Below are key details on how we will accomplish this.

Our Culture

We need to ensure that our culture of inclusion is a top priority for everyone. It starts with our values of respect, integrity, and accountability. Each of us must be able to thrive in diverse teams. Every manager must be able to attract, retain, and grow employees of all backgrounds. This is certainly true at Microsoft, and also more broadly. It is the new baseline for manager excellence across industries across the globe.

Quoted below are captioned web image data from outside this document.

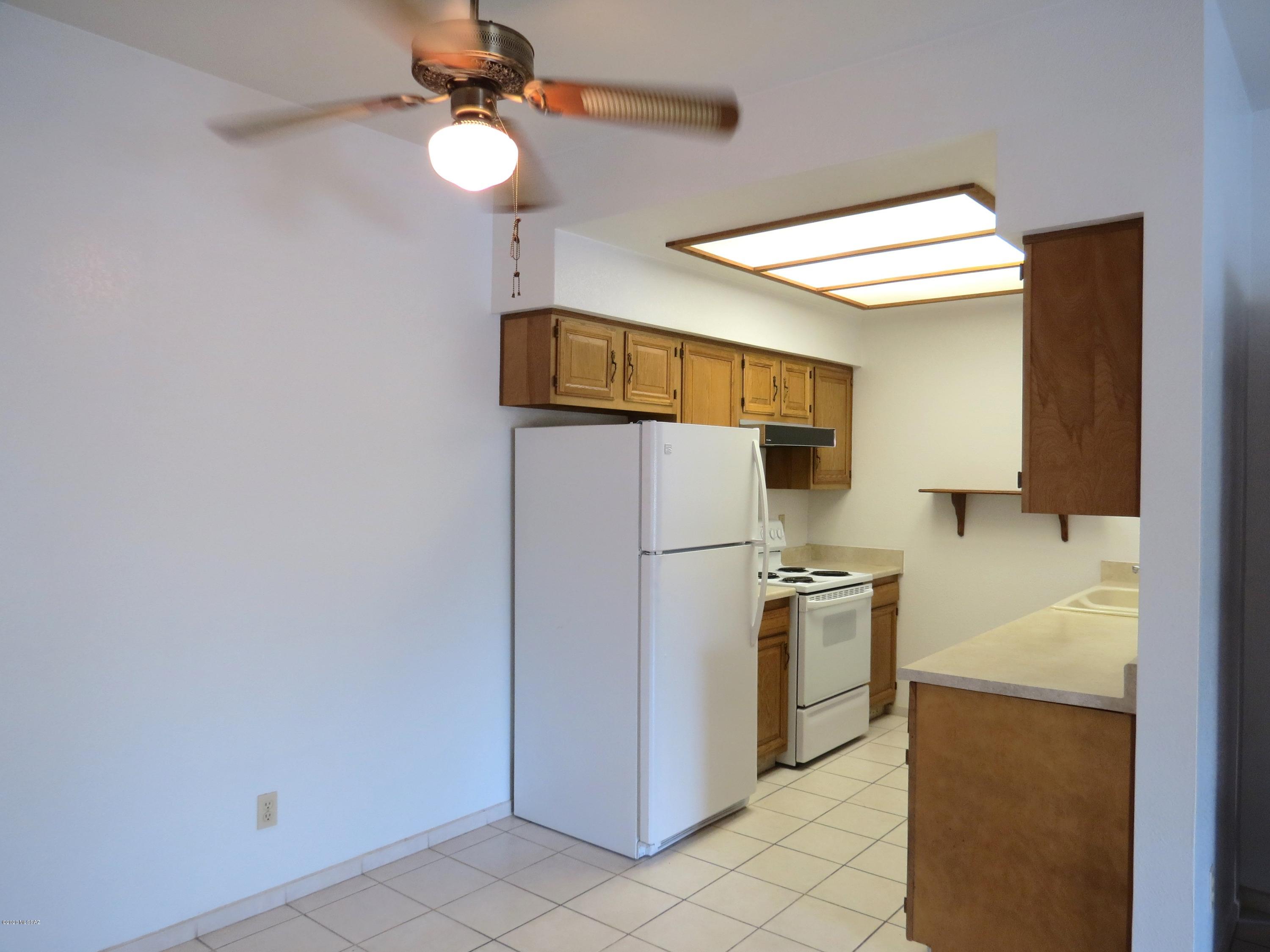 5750 N Camino Esplendora Unit: 109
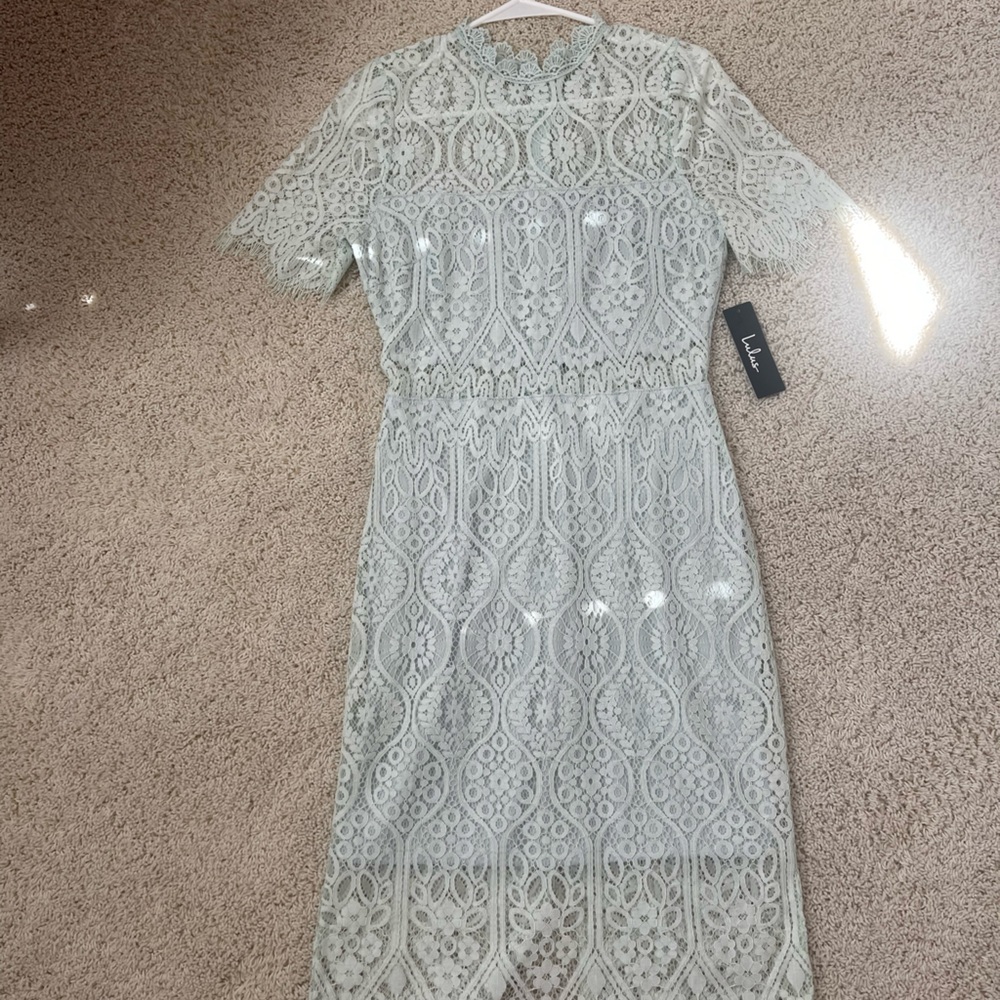 Lulu’s Sheer Lace Short Sleeve Mini dress in Mint color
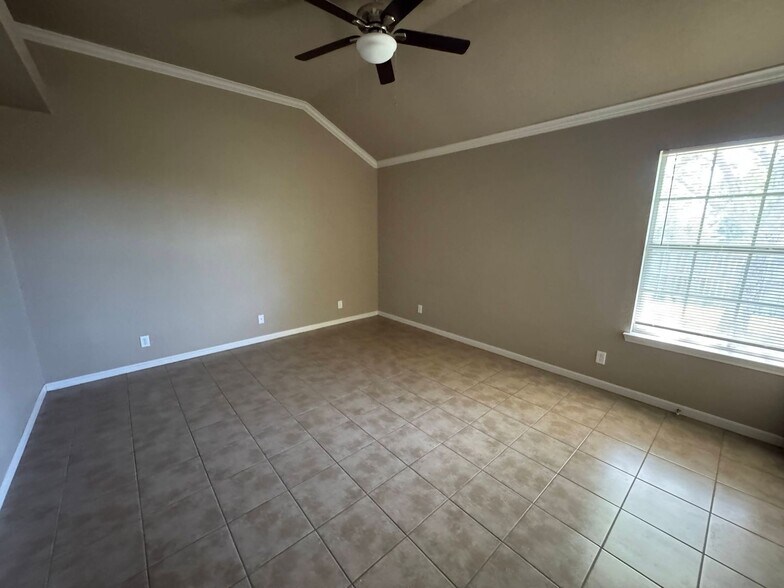 Building Photo - 1310 Powder River Dr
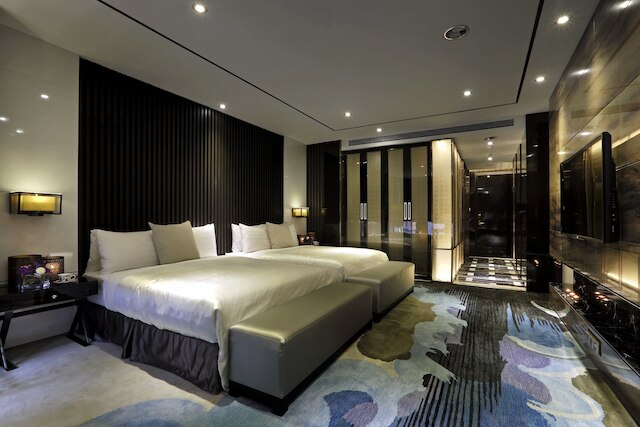 プーリー イーズ ホテル (埔里冠月旅館)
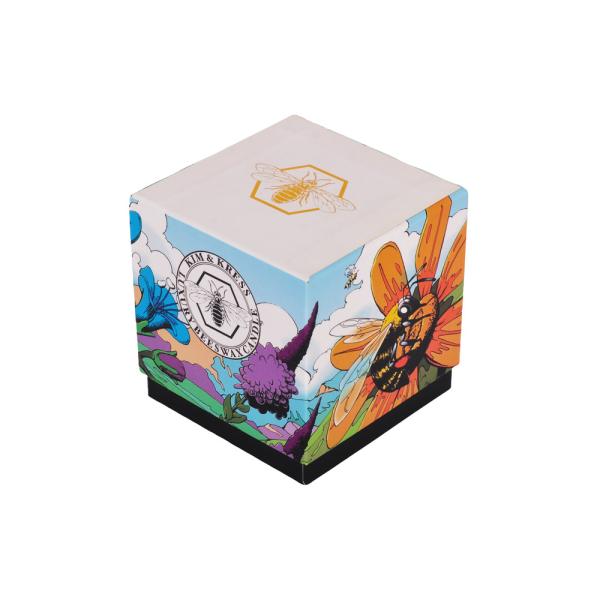 La place colorée de boîte d'emballage de bougie de carton forment 6×6×6cm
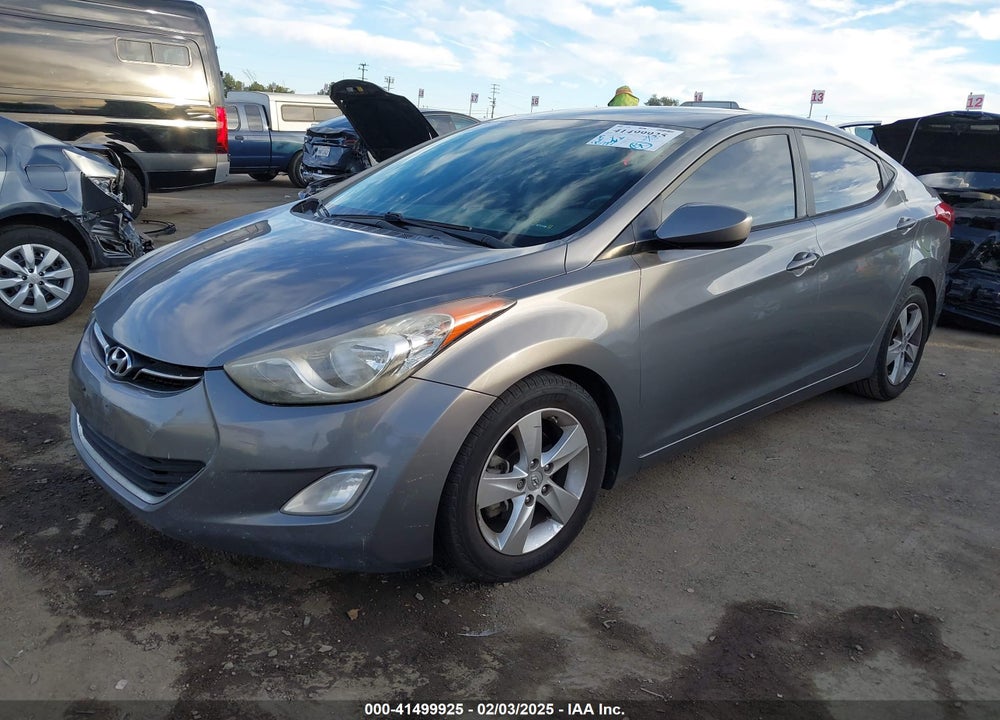 2013 HYUNDAI ELANTRA VIN: 5NPDH4AE8DH309977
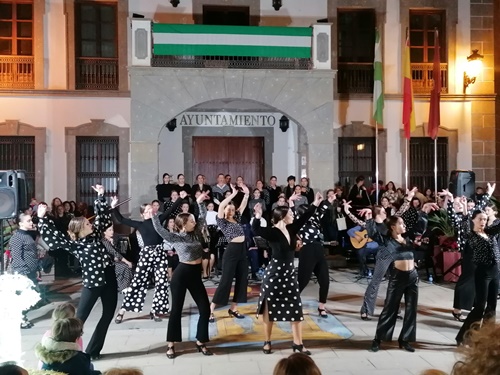 Zambra celebra su tradicional zambomba flamenca en la Puerta del Mar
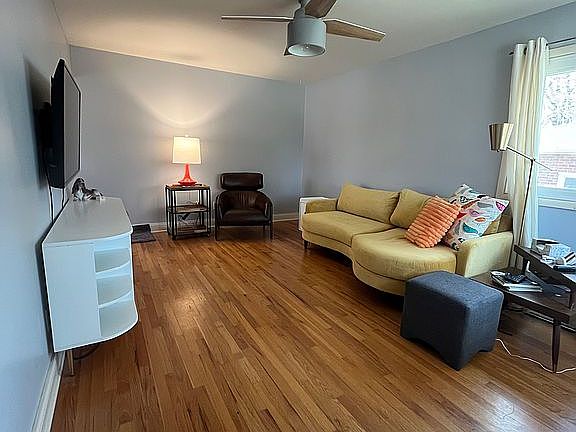 3rd image of 1011 Rosewood Dr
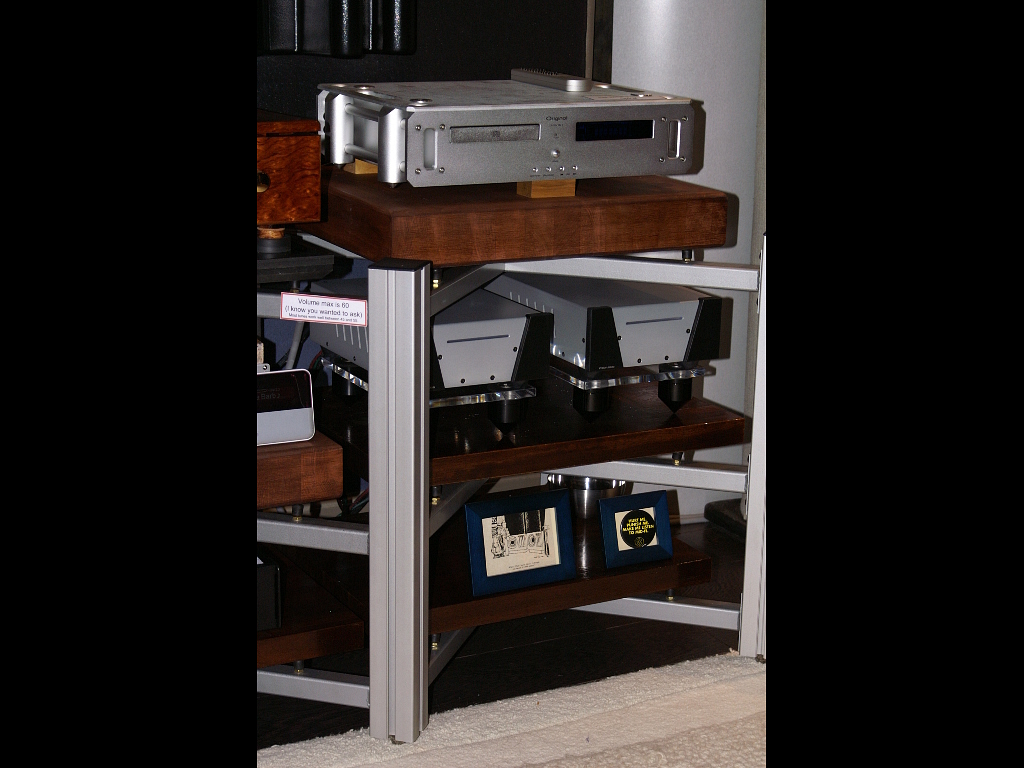 Room7v3 012r.jpg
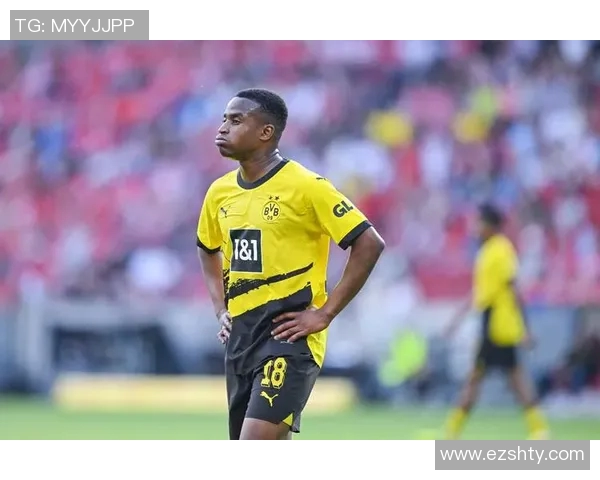 足球明星素颜照大揭秘真实面貌与赛场形象的鲜明对比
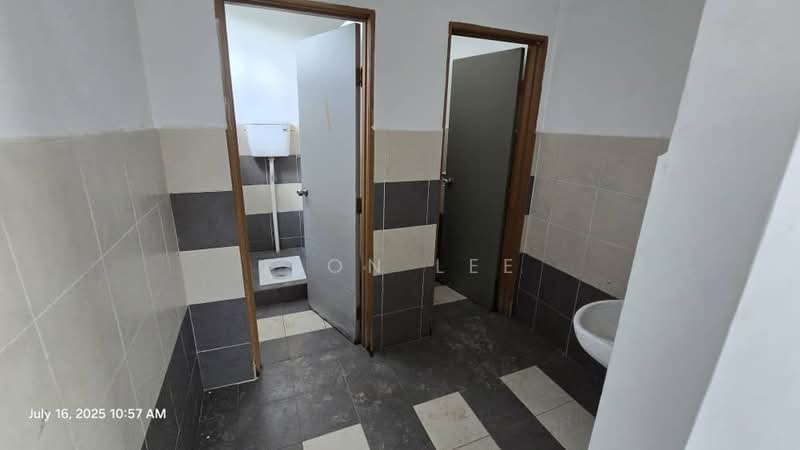 Factory for Rent in Kawasan Perindustrian SILC (Iskandar Puteri (Nusajaya)) - Fion Lee - Bathroom - PropertyGuru.com.my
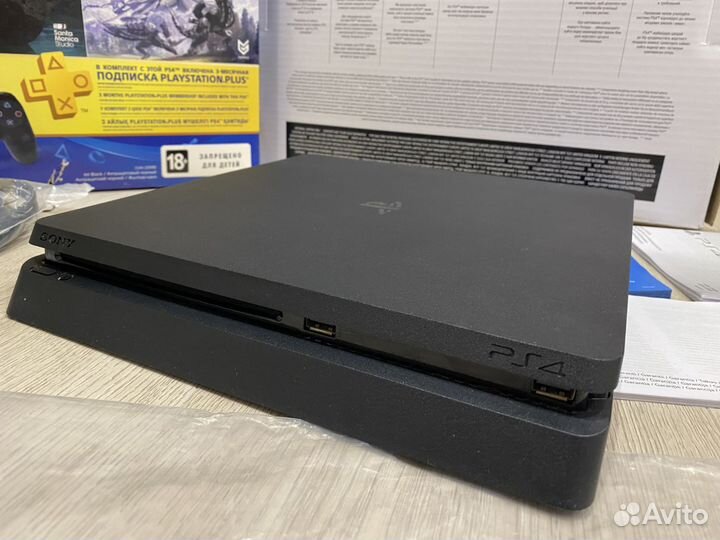 Sony PlayStation 4 PS4 1Tb (2208) +2джоя +30игр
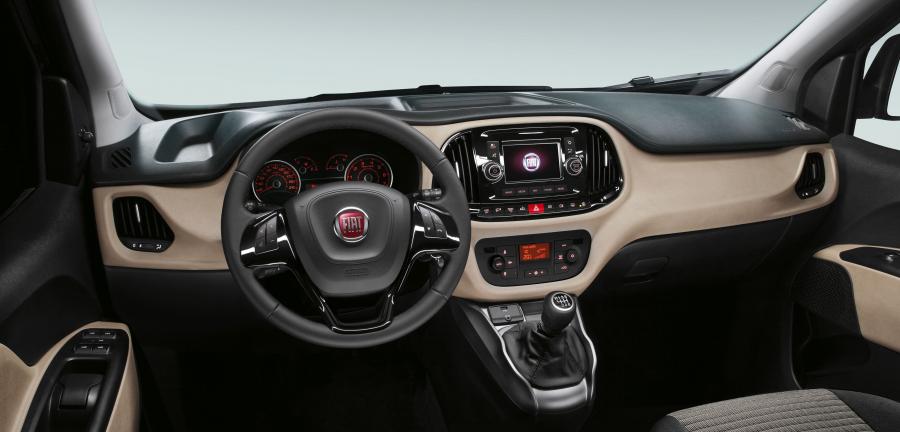 Торпедо Fiat Doblo (152) 2015 года  (фото 46 из 47)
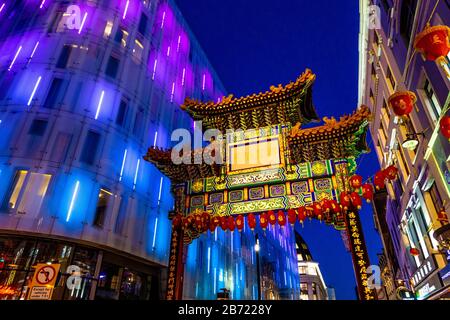 Colorato stile orientale porta a Chinatown di notte, Londra, Regno Unito Foto Stock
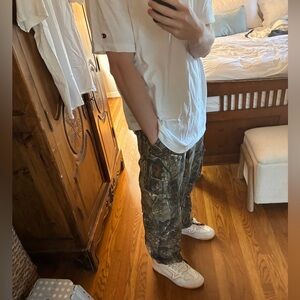 Realtree Men's Green Camouflage Cargo Pants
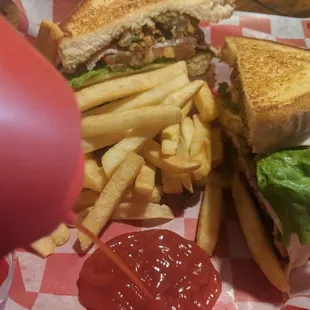 Dirty South Turkey Sandwich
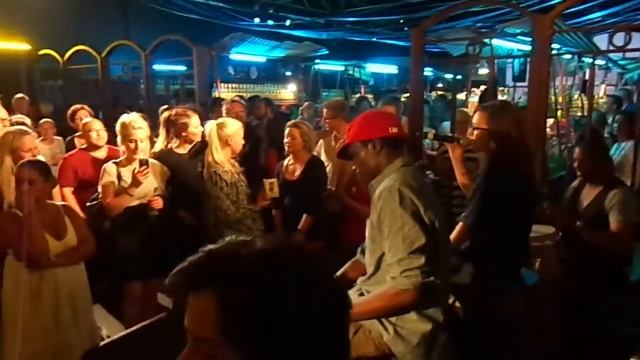 Kuku Agami jam at Mojito Embassy смотреть онлайн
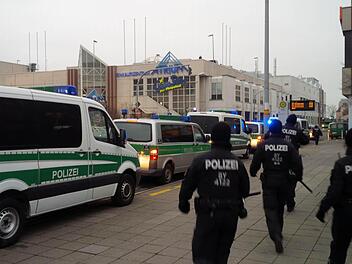 Polizeibeamte in Bamberg am Samstag auf dem Rückzug, nachdem dort eine Kundgebung von Neonazis verboten worden war und eine Gegendemo stattgefunden hatte. In Lichtenfels kam es am späten Nachmittag des selben Tages zu einem Aufmarsch von rund 45 Rechten. Foto: S. Martin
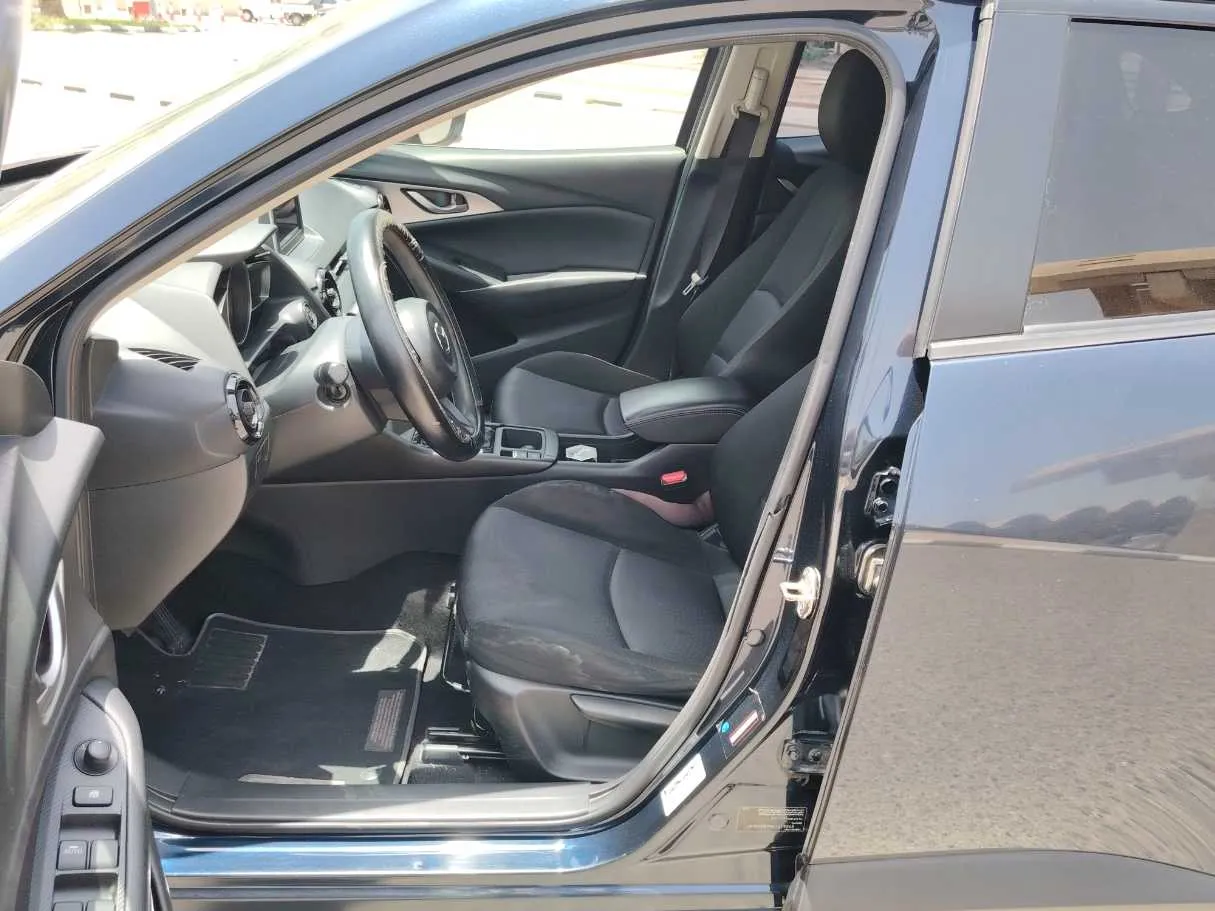 Car image 11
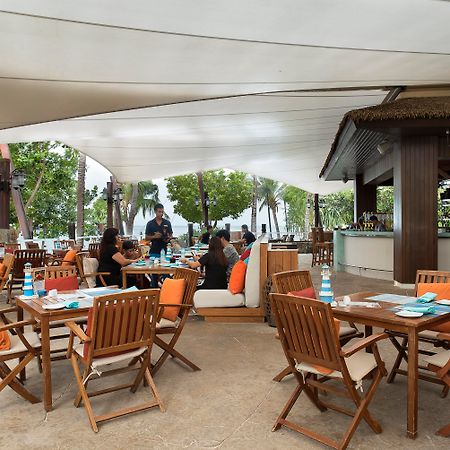 Centara Grand Mirage Beach Resort Pattaya Bagian luar foto The Beach Club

We will meet this new goal in three key ways:

  1. We will accelerate our cultural transformation through further investment in inclusion. Managers who have a deep understanding and commitment to building inclusive culture are key to our company’s success. Starting in FY21, our training on allyship, covering, and privilege in the workplace will be required for all employees, with additional new content on understanding the experience of the Black and African American community. Because leadership sets the tone, we will have required live sessions for CVPs and EVPs to ensure they better understand the lived experience of these specific communities.
  1. We will strengthen our intentional career planning and talent development efforts. This will apply across our workforce, beginning with Black and African American employees. These programs will expand to include other employee groups as we learn and grow. We will expand on our leadership development programs for select Black and African American midlevel employees and their managers, to help prepare for promotion to Director/Principal. For Director/Principal level, we will create a new development opportunity to expose them to the leadership expectations of the Partner/GM level and match them with senior-level sponsors and mentors. For Partner/GMs, we are continuing to invest in the dedicated leadership development programs.
  1. We will further strengthen company accountability for progress on representation. We will deepen our practice of evaluating each CVP/GM’s progress on diversity and inclusion when determining their impact and rewards, as well as promotion considerations. We will provide CVPs with dedicated D&I coaches to confront and resolve systemic obstacles within their organizations. We will expand our global, quarterly promotion process to ensure we build diverse leadership teams at all levels. This will include direct engagement with business leaders on review of all candidates for people management, Director/Principal level, and Partner/GM level.

Our Ecosystem

A vast business ecosystem surrounds Microsoft from our supply chain to our partner community. We recognize that a stronger and more productive ecosystem requires better representation of the diversity in our communities. We will evolve our engagement with our supply chain, banking partners, and the broad Microsoft partner ecosystem in this effort.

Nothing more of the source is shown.